EXERCISE DIRECTIONS -
Copy each of the records exactly; leave nothing out.

● ● ● ● ●

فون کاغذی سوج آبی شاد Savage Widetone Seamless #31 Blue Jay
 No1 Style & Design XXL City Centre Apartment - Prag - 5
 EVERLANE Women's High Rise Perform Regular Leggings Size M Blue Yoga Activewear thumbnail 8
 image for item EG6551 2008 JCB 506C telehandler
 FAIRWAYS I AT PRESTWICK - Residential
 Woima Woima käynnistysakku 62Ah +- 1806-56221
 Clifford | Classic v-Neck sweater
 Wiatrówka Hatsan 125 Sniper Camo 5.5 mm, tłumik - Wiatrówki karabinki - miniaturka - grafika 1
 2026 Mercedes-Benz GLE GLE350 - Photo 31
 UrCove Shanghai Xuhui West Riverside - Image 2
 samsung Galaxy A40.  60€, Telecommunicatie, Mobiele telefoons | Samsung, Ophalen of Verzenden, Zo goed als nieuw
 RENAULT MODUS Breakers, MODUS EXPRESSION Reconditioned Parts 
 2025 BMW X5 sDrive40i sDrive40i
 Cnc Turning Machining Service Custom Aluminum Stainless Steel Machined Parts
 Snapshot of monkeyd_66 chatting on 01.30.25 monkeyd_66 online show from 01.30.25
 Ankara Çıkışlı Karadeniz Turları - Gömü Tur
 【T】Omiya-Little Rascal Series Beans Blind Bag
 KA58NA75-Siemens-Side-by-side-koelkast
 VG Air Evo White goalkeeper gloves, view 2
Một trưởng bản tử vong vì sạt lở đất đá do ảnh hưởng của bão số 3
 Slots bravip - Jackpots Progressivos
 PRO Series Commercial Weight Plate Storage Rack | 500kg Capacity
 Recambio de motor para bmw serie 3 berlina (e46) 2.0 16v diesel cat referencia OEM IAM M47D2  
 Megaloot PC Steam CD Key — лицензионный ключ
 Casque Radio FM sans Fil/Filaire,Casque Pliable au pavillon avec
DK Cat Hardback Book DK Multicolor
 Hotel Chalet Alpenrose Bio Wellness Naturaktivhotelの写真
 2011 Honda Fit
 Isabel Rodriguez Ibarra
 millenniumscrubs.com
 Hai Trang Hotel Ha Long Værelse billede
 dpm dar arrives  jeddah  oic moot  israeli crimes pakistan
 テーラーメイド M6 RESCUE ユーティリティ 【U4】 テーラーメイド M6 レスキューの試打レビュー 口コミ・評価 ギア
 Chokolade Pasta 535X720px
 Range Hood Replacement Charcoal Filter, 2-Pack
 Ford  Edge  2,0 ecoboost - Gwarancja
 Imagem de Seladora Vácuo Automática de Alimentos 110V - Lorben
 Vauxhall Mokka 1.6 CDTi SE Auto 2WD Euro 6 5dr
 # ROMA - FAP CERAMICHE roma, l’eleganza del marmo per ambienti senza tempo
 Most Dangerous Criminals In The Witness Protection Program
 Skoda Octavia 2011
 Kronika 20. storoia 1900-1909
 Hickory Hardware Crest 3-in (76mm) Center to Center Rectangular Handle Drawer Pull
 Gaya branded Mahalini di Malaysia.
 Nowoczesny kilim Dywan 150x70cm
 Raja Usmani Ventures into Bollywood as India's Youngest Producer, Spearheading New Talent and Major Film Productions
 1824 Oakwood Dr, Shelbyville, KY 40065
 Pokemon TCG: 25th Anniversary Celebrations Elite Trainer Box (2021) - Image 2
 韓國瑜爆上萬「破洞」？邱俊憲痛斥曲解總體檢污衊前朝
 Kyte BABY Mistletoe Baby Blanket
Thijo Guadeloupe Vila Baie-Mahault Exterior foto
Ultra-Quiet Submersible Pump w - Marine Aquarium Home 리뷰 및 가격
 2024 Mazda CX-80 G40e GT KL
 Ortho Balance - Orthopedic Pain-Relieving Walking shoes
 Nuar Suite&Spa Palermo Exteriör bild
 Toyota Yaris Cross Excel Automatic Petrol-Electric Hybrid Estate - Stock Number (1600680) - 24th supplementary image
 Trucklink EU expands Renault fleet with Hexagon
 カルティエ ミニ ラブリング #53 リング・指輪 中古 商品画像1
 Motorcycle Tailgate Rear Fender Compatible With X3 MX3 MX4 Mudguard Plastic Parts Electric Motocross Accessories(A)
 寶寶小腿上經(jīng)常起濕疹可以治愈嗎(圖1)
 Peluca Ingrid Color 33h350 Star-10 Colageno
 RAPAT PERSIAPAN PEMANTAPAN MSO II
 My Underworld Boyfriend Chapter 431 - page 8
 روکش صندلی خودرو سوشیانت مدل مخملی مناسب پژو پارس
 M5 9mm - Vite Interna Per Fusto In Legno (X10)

● ● ● ● ●

PROBLEM SOLUTION -
فون کاغذی سوج آبی شاد Savage Widetone Seamless #31 Blue Jay
 No1 Style & Design XXL City Centre Apartment - Prag - 5
 EVERLANE Women's High Rise Perform Regular Leggings Size M Blue Yoga Activewear thumbnail 8
 image for item EG6551 2008 JCB 506C telehandler
 FAIRWAYS I AT PRESTWICK - Residential
 Woima Woima käynnistysakku 62Ah +- 1806-56221
 Clifford | Classic v-Neck sweater
 Wiatrówka Hatsan 125 Sniper Camo 5.5 mm, tłumik - Wiatrówki karabinki - miniaturka - grafika 1
 2026 Mercedes-Benz GLE GLE350 - Photo 31
 UrCove Shanghai Xuhui West Riverside - Image 2
 samsung Galaxy A40.  60€, Telecommunicatie, Mobiele telefoons | Samsung, Ophalen of Verzenden, Zo goed als nieuw
 RENAULT MODUS Breakers, MODUS EXPRESSION Reconditioned Parts 
 2025 BMW X5 sDrive40i sDrive40i
 Cnc Turning Machining Service Custom Aluminum Stainless Steel Machined Parts
 Snapshot of monkeyd_66 chatting on 01.30.25 monkeyd_66 online show from 01.30.25
 Ankara Çıkışlı Karadeniz Turları - Gömü Tur
 【T】Omiya-Little Rascal Series Beans Blind Bag
 KA58NA75-Siemens-Side-by-side-koelkast
 VG Air Evo White goalkeeper gloves, view 2
Một trưởng bản tử vong vì sạt lở đất đá do ảnh hưởng của bão số 3
 Slots bravip - Jackpots Progressivos
 PRO Series Commercial Weight Plate Storage Rack | 500kg Capacity
 Recambio de motor para bmw serie 3 berlina (e46) 2.0 16v diesel cat referencia OEM IAM M47D2  
 Megaloot PC Steam CD Key — лицензионный ключ
 Casque Radio FM sans Fil/Filaire,Casque Pliable au pavillon avec
DK Cat Hardback Book DK Multicolor
 Hotel Chalet Alpenrose Bio Wellness Naturaktivhotelの写真
 2011 Honda Fit
 Isabel Rodriguez Ibarra
 millenniumscrubs.com
 Hai Trang Hotel Ha Long Værelse billede
 dpm dar arrives  jeddah  oic moot  israeli crimes pakistan
 テーラーメイド M6 RESCUE ユーティリティ 【U4】 テーラーメイド M6 レスキューの試打レビュー 口コミ・評価 ギア
 Chokolade Pasta 535X720px
 Range Hood Replacement Charcoal Filter, 2-Pack
 Ford  Edge  2,0 ecoboost - Gwarancja
 Imagem de Seladora Vácuo Automática de Alimentos 110V - Lorben
 Vauxhall Mokka 1.6 CDTi SE Auto 2WD Euro 6 5dr
 # ROMA - FAP CERAMICHE roma, l’eleganza del marmo per ambienti senza tempo
 Most Dangerous Criminals In The Witness Protection Program
 Skoda Octavia 2011
 Kronika 20. storoia 1900-1909
 Hickory Hardware Crest 3-in (76mm) Center to Center Rectangular Handle Drawer Pull
 Gaya branded Mahalini di Malaysia.
 Nowoczesny kilim Dywan 150x70cm
 Raja Usmani Ventures into Bollywood as India's Youngest Producer, Spearheading New Talent and Major Film Productions
 1824 Oakwood Dr, Shelbyville, KY 40065
 Pokemon TCG: 25th Anniversary Celebrations Elite Trainer Box (2021) - Image 2
 韓國瑜爆上萬「破洞」？邱俊憲痛斥曲解總體檢污衊前朝
 Kyte BABY Mistletoe Baby Blanket
Thijo Guadeloupe Vila Baie-Mahault Exterior foto
Ultra-Quiet Submersible Pump w - Marine Aquarium Home 리뷰 및 가격
 2024 Mazda CX-80 G40e GT KL
 Ortho Balance - Orthopedic Pain-Relieving Walking shoes
 Nuar Suite&Spa Palermo Exteriör bild
 Toyota Yaris Cross Excel Automatic Petrol-Electric Hybrid Estate - Stock Number (1600680) - 24th supplementary image
 Trucklink EU expands Renault fleet with Hexagon
 カルティエ ミニ ラブリング #53 リング・指輪 中古 商品画像1
 Motorcycle Tailgate Rear Fender Compatible With X3 MX3 MX4 Mudguard Plastic Parts Electric Motocross Accessories(A)
 寶寶小腿上經(jīng)常起濕疹可以治愈嗎(圖1)
 Peluca Ingrid Color 33h350 Star-10 Colageno
 RAPAT PERSIAPAN PEMANTAPAN MSO II
 My Underworld Boyfriend Chapter 431 - page 8
 روکش صندلی خودرو سوشیانت مدل مخملی مناسب پژو پارس
 M5 9mm - Vite Interna Per Fusto In Legno (X10)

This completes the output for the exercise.